There is another element to our predicament. That is our inability to manage effectively the unrelenting application of science and technology to war, industry, commerce, finance, education and the media. The sheer volume, speed and intensity of cross-border flows has transformed the way we trade, produce, consume, travel and communicate.
A great transition is under way – this much is clear. What is less clear is whether we can develop in timely fashion the political institutions and agreements we need for a relatively soft landing.
As the following examples show, the record to date is not encouraging.
Financial flows: Over the last 25 years a string of financial crises, often triggered by large and sudden flows of speculative capital, have brought many economies, including seemingly robust ones, to their knees. Despite much talk, an effective system of global financial regulation remains elusive.

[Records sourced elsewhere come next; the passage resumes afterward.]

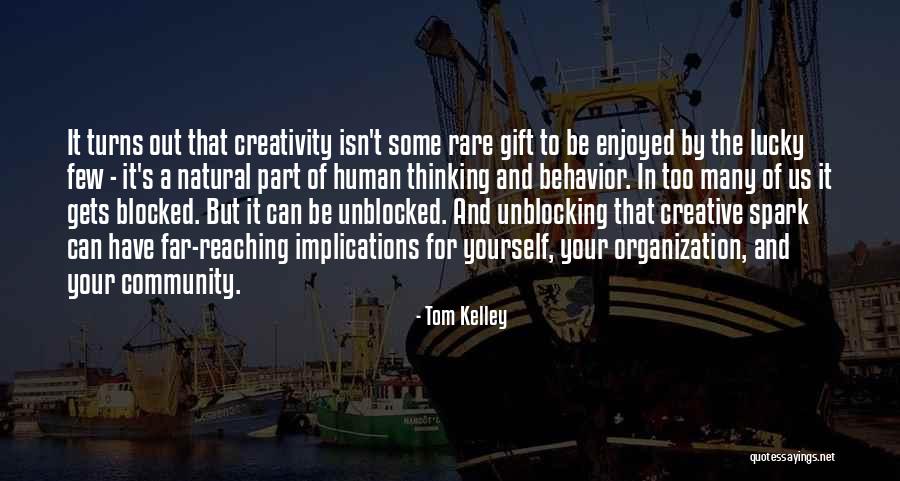 Far Reaching Quotes By Tom Kelley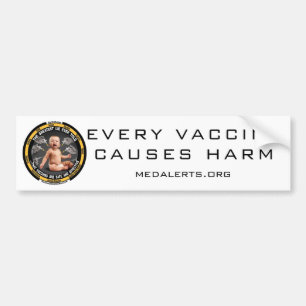 Every Vaccine Causes Harm Bumper Sticker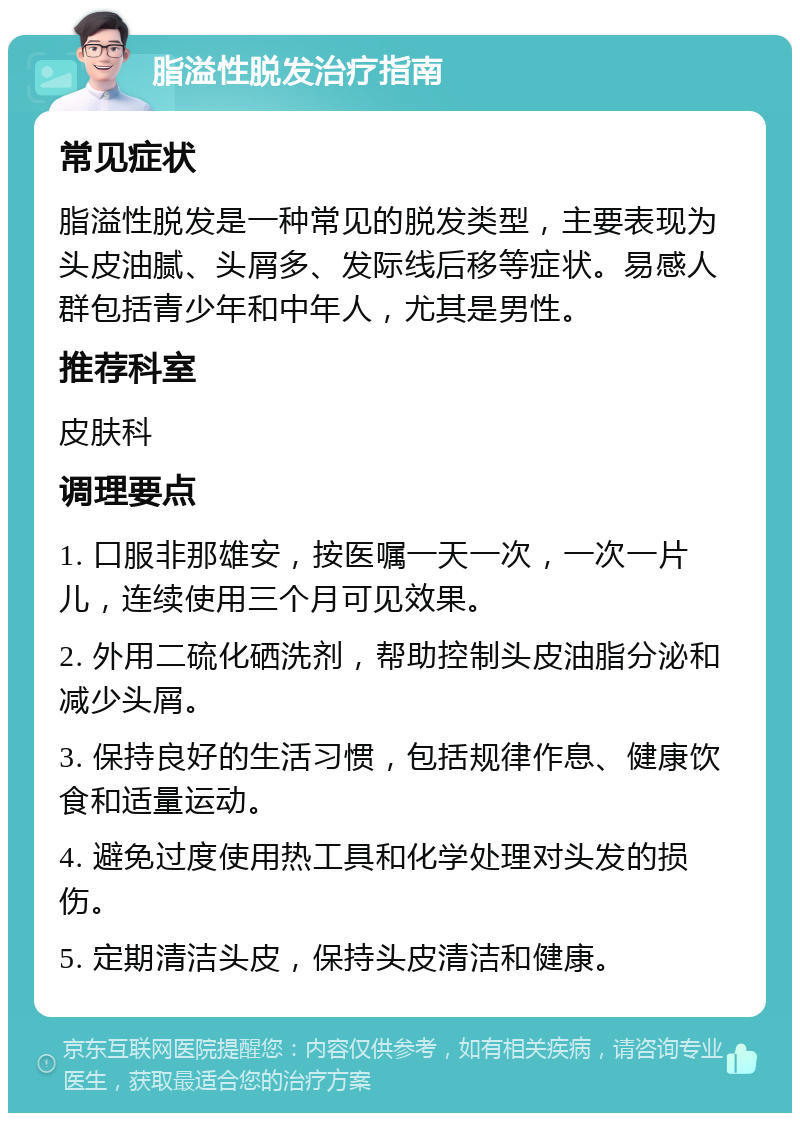 脂溢性脱发治疗指南 常见症状 脂溢性脱发是一种常见的脱发类型，主要表现为头皮油腻、头屑多、发际线后移等症状。易感人群包括青少年和中年人，尤其是男性。 推荐科室 皮肤科 调理要点 1. 口服非那雄安，按医嘱一天一次，一次一片儿，连续使用三个月可见效果。 2. 外用二硫化硒洗剂，帮助控制头皮油脂分泌和减少头屑。 3. 保持良好的生活习惯，包括规律作息、健康饮食和适量运动。 4. 避免过度使用热工具和化学处理对头发的损伤。 5. 定期清洁头皮，保持头皮清洁和健康。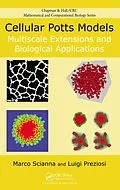 E-Book (pdf) Cellular Potts Models von Marco Scianna, Luigi Preziosi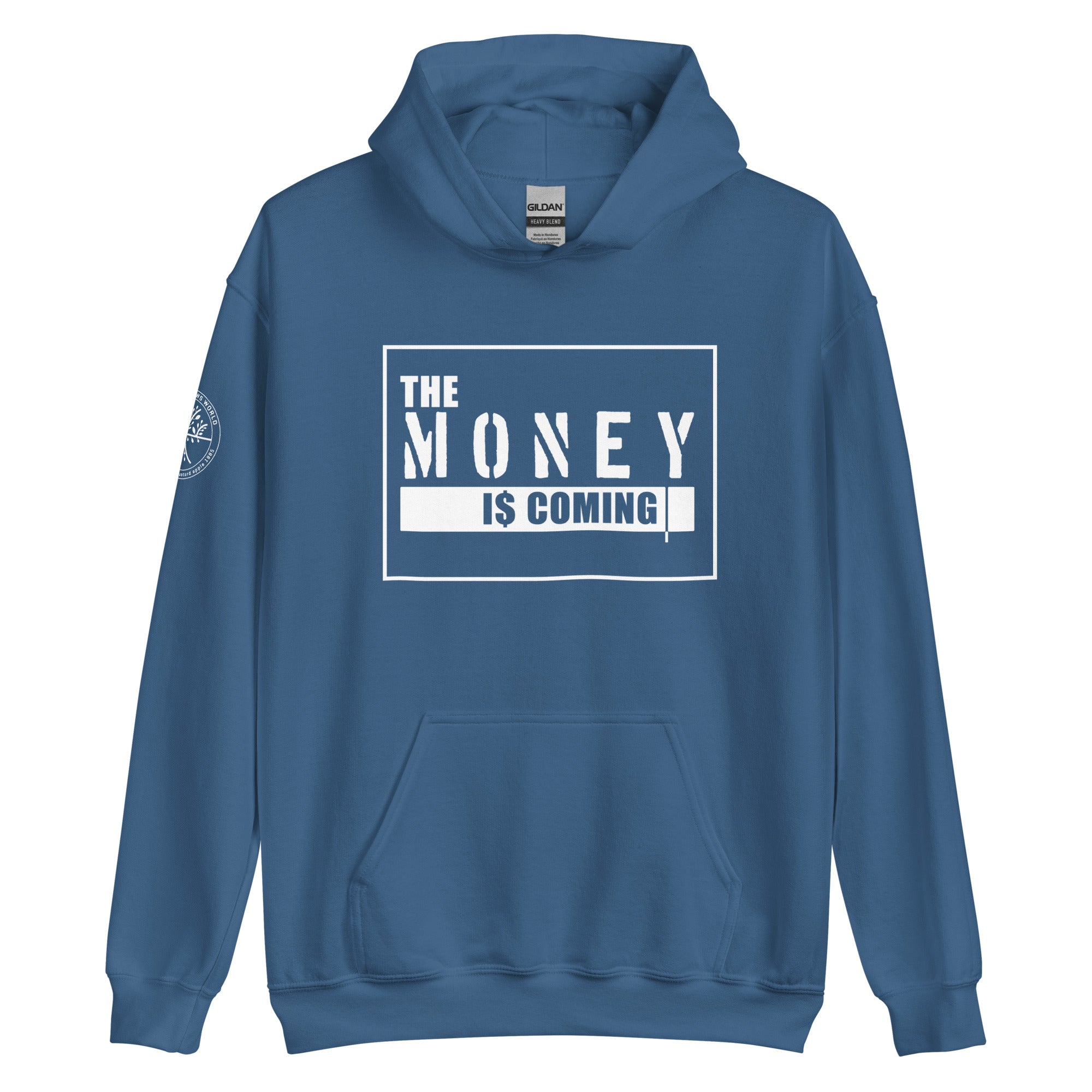 The Money Is Coming Hoodie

Arms flows: Authorised international transfers of small arms, light weapons, parts, accessories and ammunition are estimated at about $8.5 billion annually. The illicit trade probably comes to $1.5 billion. Taken together these transfers account for 60-70% of annual casualties in today’s conflicts.
Population flows: By the end of 2013, the UN High Commissioner for Refugees calculated that the number of refugees, asylum seekers, internally displaced persons, stateless people and others of concern had reached an unprecedented 42.9 million. Permanently resettling the displaced, let alone preventing such displacement, does not appear within reach.